According to the Web site of the United Jewish Communities, a nominating committee has tapped Kathy Manning to be the next chair of the umbrella organization of the North American Jewish federation system.
Manning, who has served as the chair of the UJC’s executive committee since 2006, would succeed Joe Kanfer and, according to the site, be the first woman to assume the post.
Her nomination comes along with two others for other positions.
The UJC Nominating Committee on Tuesday recommended Kathy Manning of Greensboro, N.C., to be the new chair of UJC; Michael Gelman of Washington, D.C., to be the new chair of the UJC Executive Committee; and Dr. Heschel Raskas of St. Louis to be the new treasurer of UJC.
Manning, who has served as chair of the executive committee since 2006, becomes the first woman selected to UJC’s top volunteer office since the organization’s creation from the merger of the United Jewish Appeal and the Council of Jewish Federations in 1999.
"We are so fortunate to have the experience, dedication and passion of these three extraordinary leaders who will guide UJC and our community into the future," said Susan Stern of New York, chair of the nominating committee.
Manning seems a solid choice. From conversations with her over the past couple of years she is a reformer who wants to see the federation system and the UJC evolve, and who has been integral in Kanfer’s push to move the behemoth system towards change.
Manning also is Kanfer’s personal choice to succeed him.
But there is a potential pitfall: Manning is from Greensboro, a small-market federation town.
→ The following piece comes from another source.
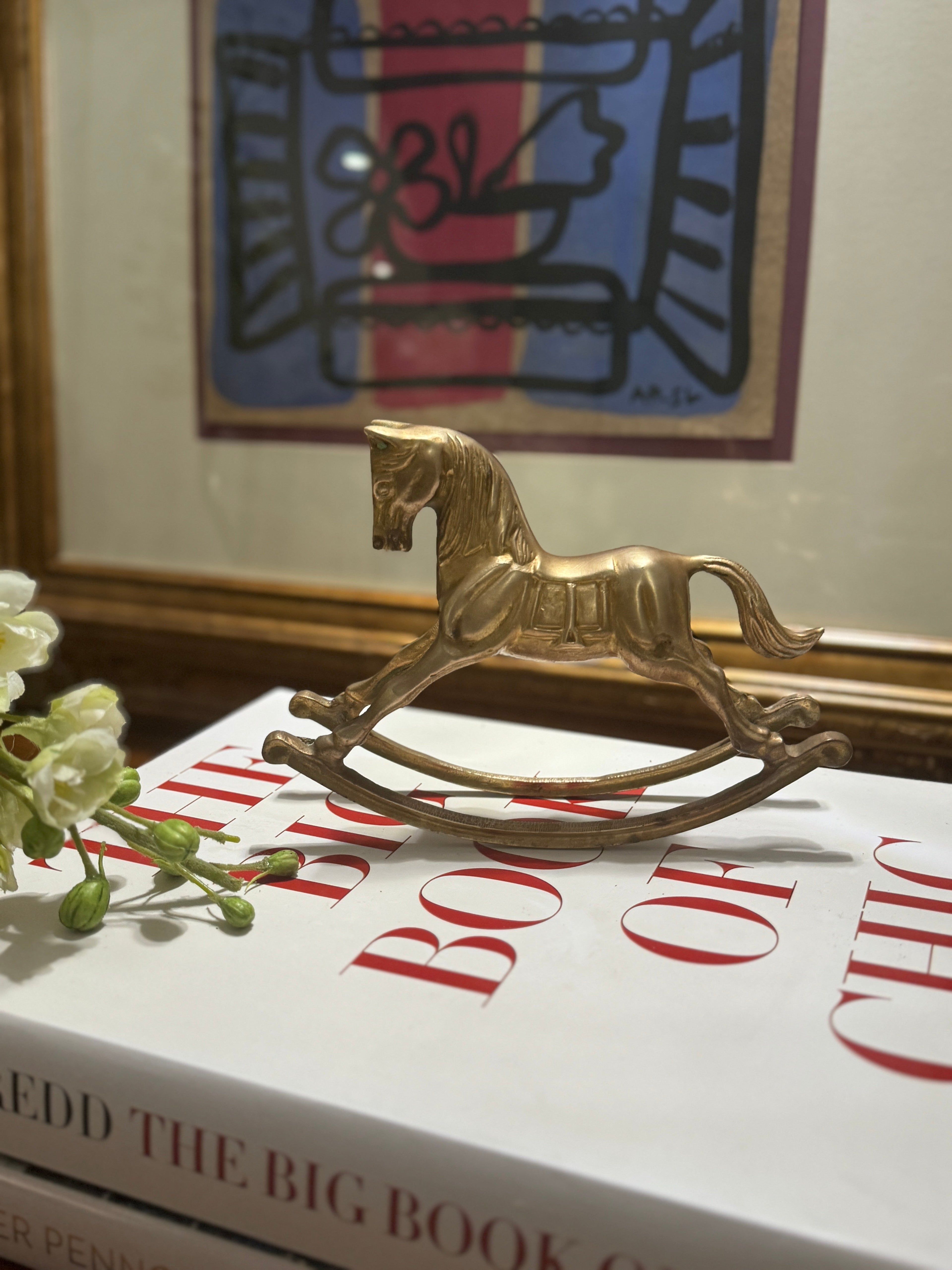 Vintage Brass Rocking Horse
As much pushback as Kanfer has received over the past two years for his sometimes aggressive moves to overhaul the UJC and bring the country’s federations in line with the national organization, the CEO of GOJO Industries (which makes Purell hand sanitizer) has perhaps received more pushback from some corners of the federation world simply because he is from a small-market federation, Akron.
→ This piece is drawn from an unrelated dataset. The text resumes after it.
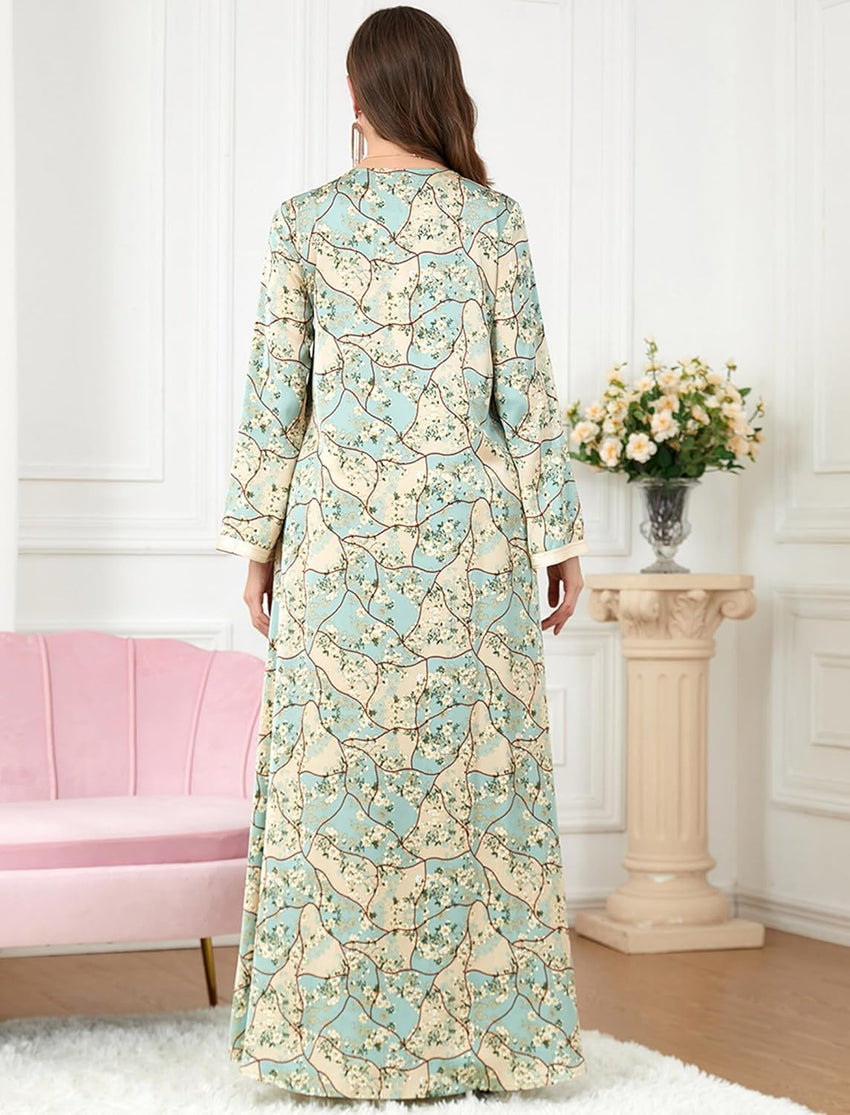 FYMNSI Abaya Dress for Women Muslim Modest Maxi Robe Floral V Neck Eid Prayer Dresses Dubai Clothing Arabian Islamic Kaftan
Some in the federation system have decried Kanfer because they feel that a system that gets most of its money from large federation markets such as New York, Chicago, Los Angeles and Baltimore should have a lay leader from an area that has mega money.
We shall see if Manning, a graduate of Harvard University and the University of Michigan Law School, runs into more of the same.
The nominations must be ratified at the UJC’s annual General Assembly, which will be held in Washington in November.
There is still no word on who will succeed the UJC’s top professional, Howard Rieger, when he steps down in August.
Manning is leading the search committee to find Rieger’s replacement.